Omnia vincit amor

Da qualche giorno ad una certa ora della sera qualcuno comincia a suonare il pianoforte. Un nuovo inquilino? Un ritorno di fiamma? Suona bene e passa indifferentemente dalla musica classica alle canzoni, Un repertorio non banale che incontra il mio assenso saputello.

Ecco che, attraverso uno di questi collegamenti che partono senza senso ho pensato a quando da piccola mia madre decise che da brava bambina dovessi prendere lezioni di piano. E da queste mie lezioni sono arrivata a rivisitare un film tra i miei preferiti, tragico e romantico, una bellissima avvincente storia d’amore. Ebbene sì, amore.

Lezioni di piano della regista Jane Campion

Ada (una formidabile Holly Hunter) muta per sua decisione dall’età di nove anni, giunge in Nuova Zelanda, sposata per procura con Stewart, un piccolo possidente. Con lei ci sono la figlioletta Flora, i bauli, un pianoforte. Stewart fa abbandonare il pianoforte sulla spiaggia perché difficile da trasportare lungo gli impervi sentieri dell’isola.
George Baines (Harvey Keitel) un bianco inviso alla comunità perché attratto dai costumi maori, affascinato dal mistero di questa donna silenziosa e caparbia, si accorda con Stewart per comprare il piano al solo fine di proporne ad Ada la restituzione tramite … uno scambio “indecente”: un tasto per ogni cosa che lei gli lascerà fare sul suo corpo mentre suona.

“Sono infelice perché ti voglio, perché la mia mente pensa solo te e non sa pensare ad altro… sono malato di desiderio”.Questo è George Baines, al cui patto Ada decide di sottostare pur di continuare a suonare.

Baines le restituisce il pianoforte; tra i due si stabilisce, gioco forza una relazione che sfugge al loro controllo sembra che tutto rientri nell’ordine dell’ Omia vincit amor ma con un coup de theatre  tornerà a presentarsi nuovamente la  tragedia.
Nelle ultime sequenze,infatti, mentre Ada, Baines e Flora sono su una barca in partenza, Ada sente l’irresistibile bisogno di disfarsi del suo amato pianoforte, che fa gettare in mare; una corda però le si attorciglia alla caviglia (forse volontariamente?) trascinandola sott’acqua.
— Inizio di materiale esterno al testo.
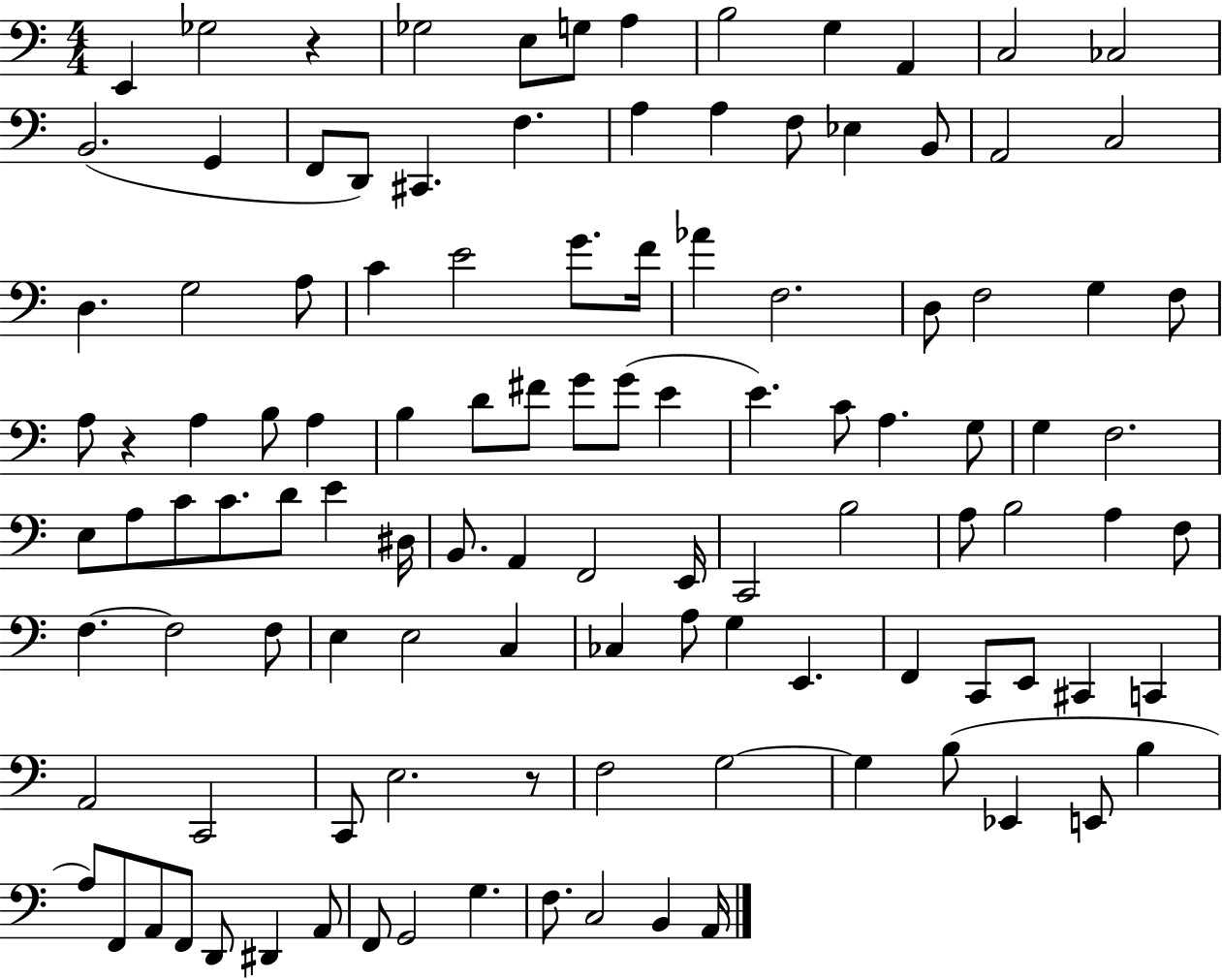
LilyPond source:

{
  \clef bass
  \numericTimeSignature
  \time 4/4
  \key c \major
  e,4 ges2 r4 | ges2 e8 g8 a4 | b2 g4 a,4 | c2 ces2 | \break b,2.( g,4 | f,8 d,8) cis,4. f4. | a4 a4 f8 ees4 b,8 | a,2 c2 | \break d4. g2 a8 | c'4 e'2 g'8. f'16 | aes'4 f2. | d8 f2 g4 f8 | \break a8 r4 a4 b8 a4 | b4 d'8 fis'8 g'8 g'8( e'4 | e'4.) c'8 a4. g8 | g4 f2. | \break e8 a8 c'8 c'8. d'8 e'4 dis16 | b,8. a,4 f,2 e,16 | c,2 b2 | a8 b2 a4 f8 | \break f4.~~ f2 f8 | e4 e2 c4 | ces4 a8 g4 e,4. | f,4 c,8 e,8 cis,4 c,4 | \break a,2 c,2 | c,8 e2. r8 | f2 g2~~ | g4 b8( ees,4 e,8 b4 | \break a8) f,8 a,8 f,8 d,8 dis,4 a,8 | f,8 g,2 g4. | f8. c2 b,4 a,16 | \bar "|."
} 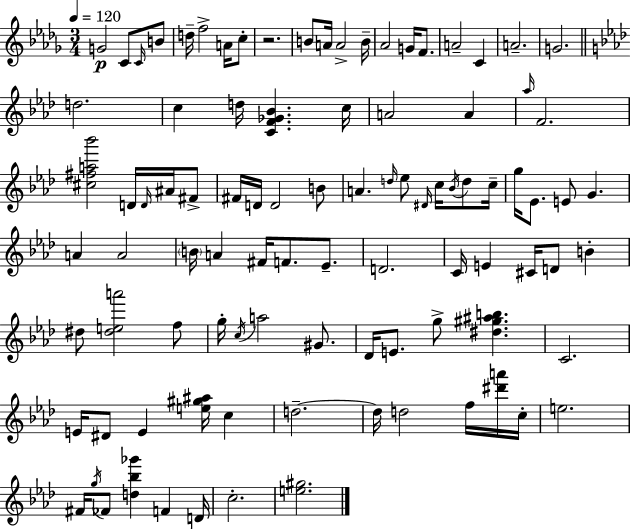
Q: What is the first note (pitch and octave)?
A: G4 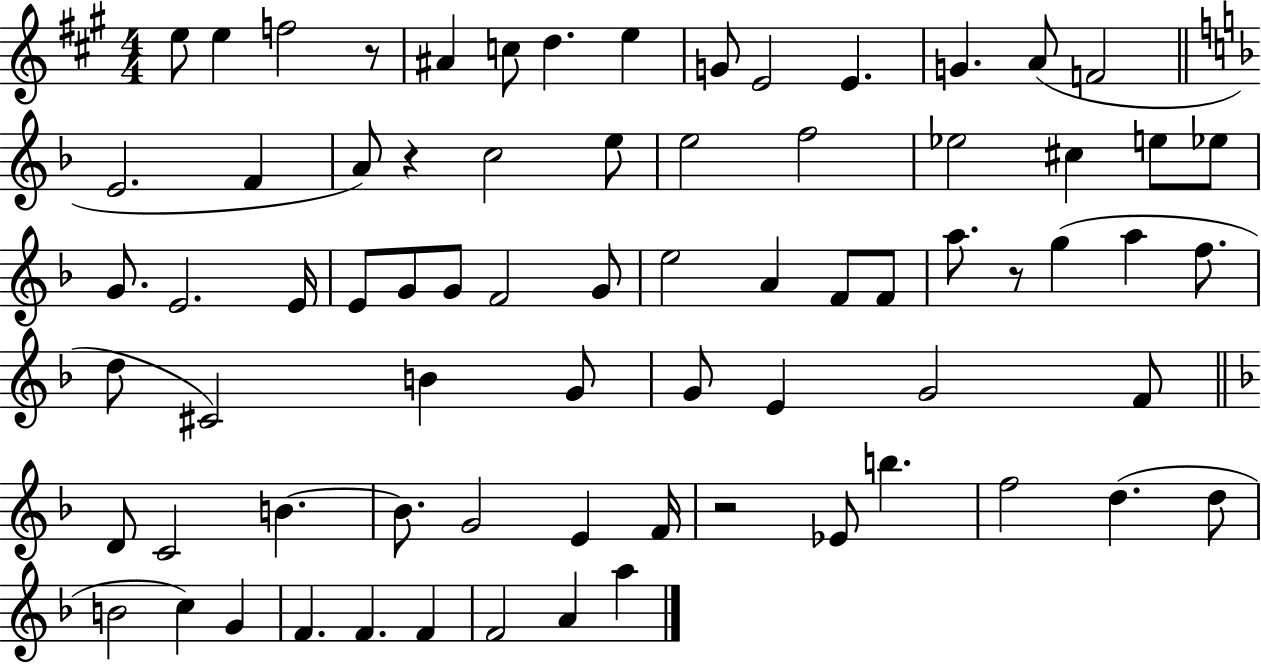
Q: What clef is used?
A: treble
Con sua grande sorpresa  riesce a districarsi e a risalire in superficie.

«Che morte! Che occasione! E che sorpresa!
La mia volontà ha scelto la vita. […)
C’è un grande silenzio dove non c’è mai stato suono, c’è un grande silenzio dove suono non può esserci. Nella fredda tomba del profondo del mare.»
(versi tratti dal sonetto Silence di Thomas Hood).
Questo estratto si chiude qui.